### Requirement
After finding "2024 Chevrolet Malibu" in the material below, output its line and every line after it through the last, exactly, but not the pictures.

Available data Start Marker

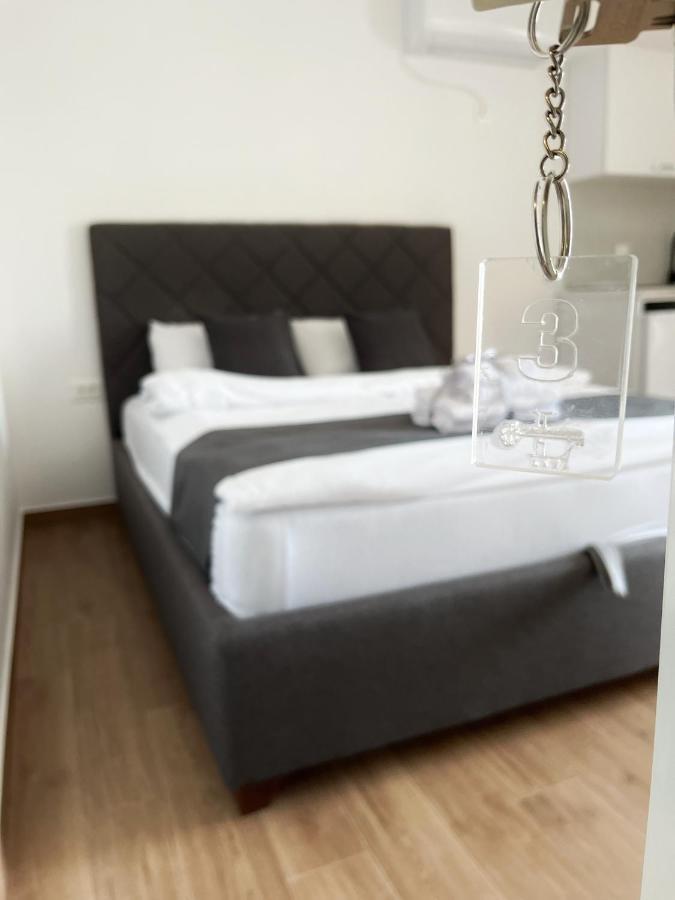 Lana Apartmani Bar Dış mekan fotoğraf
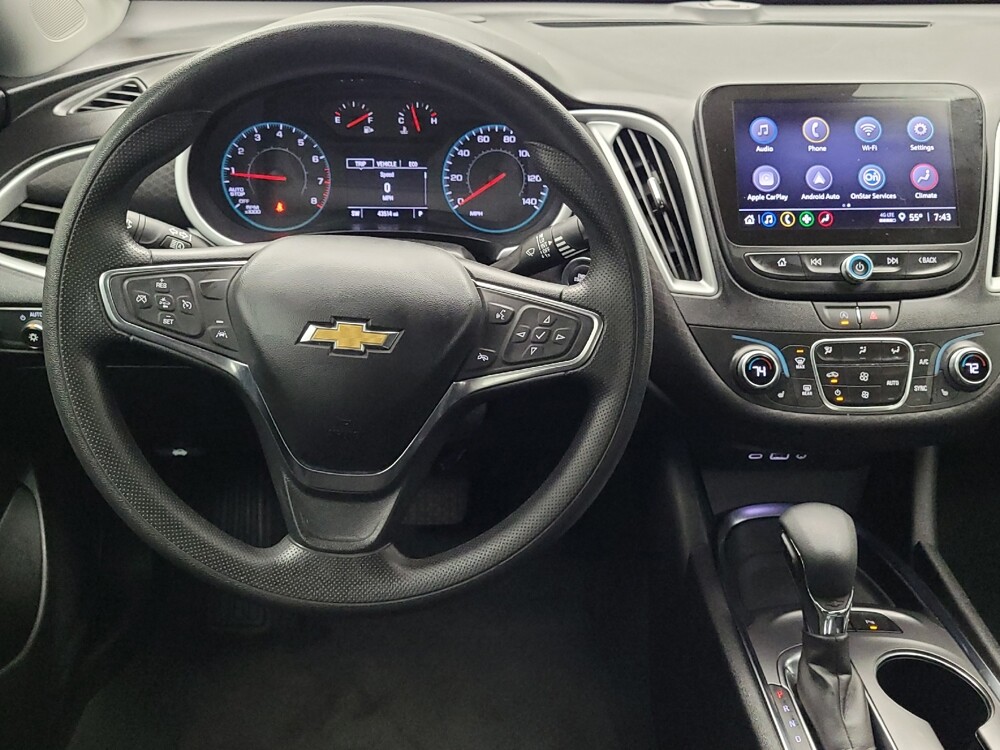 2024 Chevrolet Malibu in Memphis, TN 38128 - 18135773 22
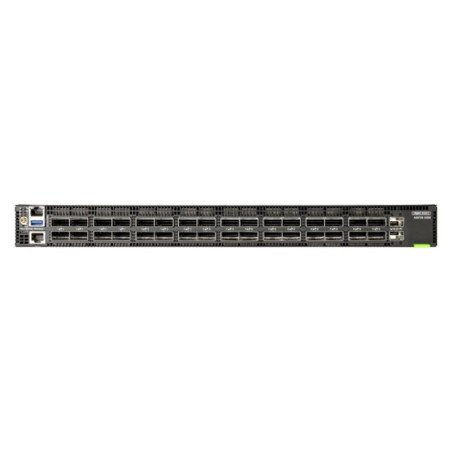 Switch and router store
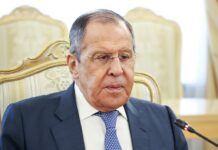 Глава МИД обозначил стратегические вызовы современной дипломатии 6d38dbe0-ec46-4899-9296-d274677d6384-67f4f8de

Available data End Marker

### Your response
 2024 Chevrolet Malibu in Memphis, TN 38128 - 18135773 22
 Switch and router store
 Глава МИД обозначил стратегические вызовы современной дипломатии 6d38dbe0-ec46-4899-9296-d274677d6384-67f4f8de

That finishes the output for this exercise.